Thursday, May 16, 2013

LANL ANNOUNCES U.S. PRODUCTION OF MEDICAL ISOTOPE IS A STEP CLOSER

A view of the Buchi Multivapor P-12 Evaporator, apparatus that can be used in the preparation of the uranium sulfate fuel. LANL PHOTO.
FROM: LOS ALAMOS NATIONAL LABORATORY

Domestic Production of Medical Isotope Mo-99 Moves a Step Closer at Los Alamos

Researchers produce molybdenum-99 from irradiation of low-enriched uranium solution

LOS ALAMOS, N.M., May 13, 2013—Today, Los Alamos National Laboratory announced that for the first time, irradiated uranium fuel has been recycled and reused for molybdenum-99 (Mo-99) production, with virtually no losses in Mo-99 yields or uranium recovery. This demonstrates the viability of the separation process, as well as the potential for environmentally- and cost-friendly fuel recycling. Medical isotope production technology has advanced significantly now that scientists have made key advances in separating Mo-99 from an irradiated, low-enriched uranium (LEU) solution.

Low-Enriched Uranium as a Source of Mo-99

Technetium-99m (Tc-99m) is the most commonly used medical isotope today, accounting for about 50,000 medical imaging procedures daily in the United States. Tc-99m is derived from the parent isotope Mo-99, predominantly produced from the fission of uranium-235 in highly enriched uranium targets (HEU) in aging foreign reactors. The North American supply of Tc-99m was severely disrupted when the Chalk River nuclear reactor in Canada experienced an outage several years ago.

The National Nuclear Security Administration’s Global Threat Reduction Initiative (GTRI) implements the long-standing U.S. policy to minimize and eliminate the use of HEU in civilian applications. In support of this objective, GTRI is working with U.S. commercial entities and the U.S. national laboratories to develop a diverse set of non-HEU-based technologies to produce Mo-99 in the United States.

The U.S. national laboratories aid GTRI’s programmatic mission by conducting research and development, engineering and design support, and proof of concept demonstrations. Toward this goal, GTRI has been working with Los Alamos to ensure its technical expertise is available to support GTRI’s commercial partners, including Morgridge Institute for Research-SHINE Medical Technologies (MIR-SHINE), which proposes to use a particle accelerator to produce Mo-99 from a mildly acidic LEU solution.
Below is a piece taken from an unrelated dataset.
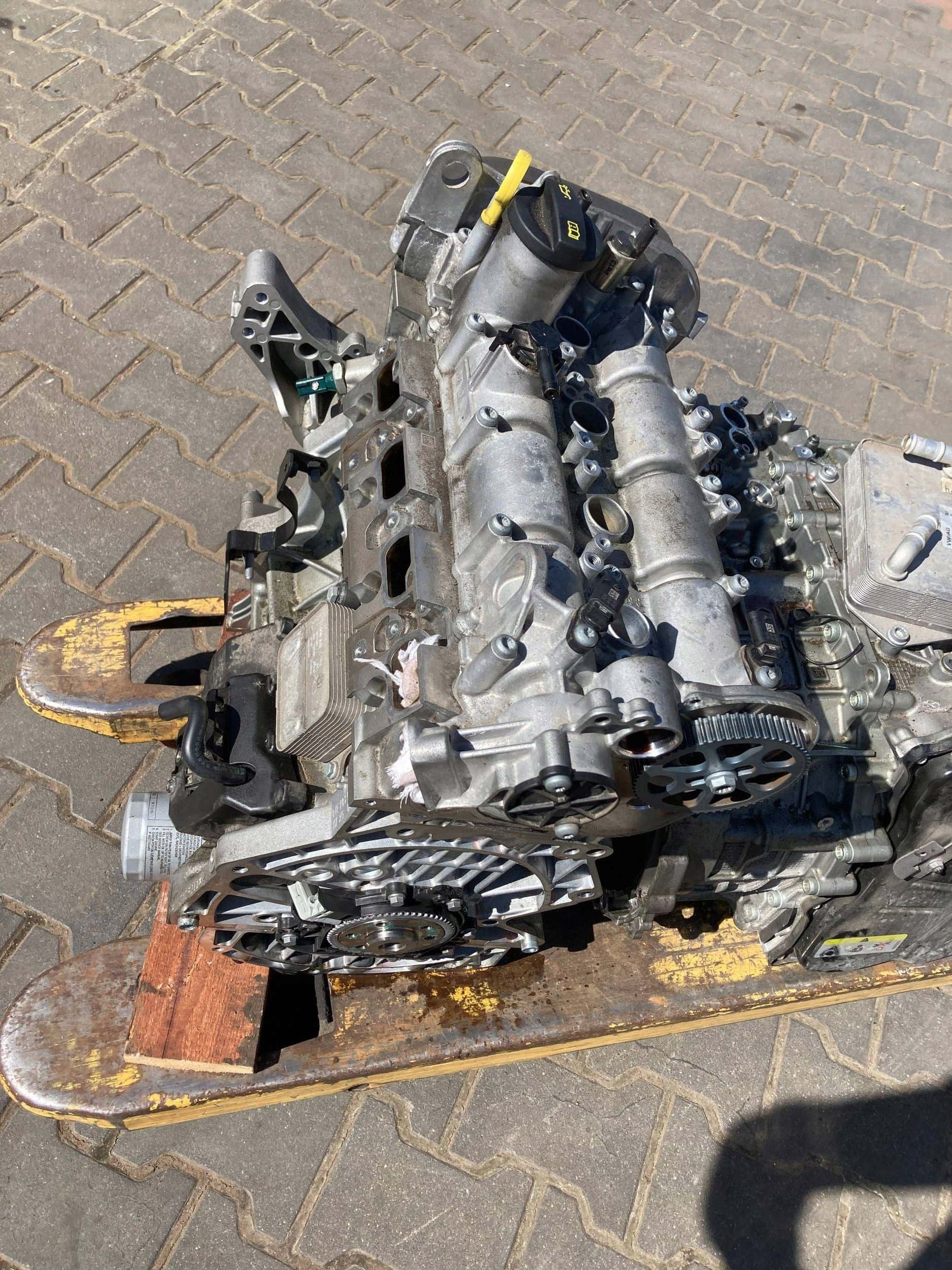 Moteur DGEB vue 5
The Technical Demonstration

In support of MIR-SHINE’s Mo-99 production efforts, researchers at Los Alamos have successfully proven the technical viability of the initial stage of Mo-99 recovery from LEU solution through a direct scaled-down demonstration of the proposed industrial process.

To undertake the necessary experimental validation, Los Alamos researchers developed methodologies for preparing and analyzing uranium sulfate fuel, safely containing the fuel during irradiation at a Los Alamos Neutron Accelerator Science (LANSCE) facility and performing chemical flow-sheet testing using a separation apparatus applicable to both low and high levels of radiation.

With a short half-life of 2.7 days, Mo-99 is a high specific-radioactivity isotope. At production scale, the post-fission solution will contain only a very small concentration of Mo-99. Unlike traditional HEU-based processes, the challenge is to recover this material from a vast excess of LEU and leave the uranium in the same chemical form to allow for recycling.

The team found that nearly all of the uranium could be recovered after Mo-99 separations were performed. The LEU fuel that passed through the column separation process was irradiated again, and then once more the fission-generated Mo-99 was separated in high yield. When the same fuel was irradiated a third time, there was still no observable loss in the subsequent Mo-99 recovery. The results confirm the viability of both the Mo-99 separation process and uranium fuel recycling, which can lower operating costs and minimize waste generation.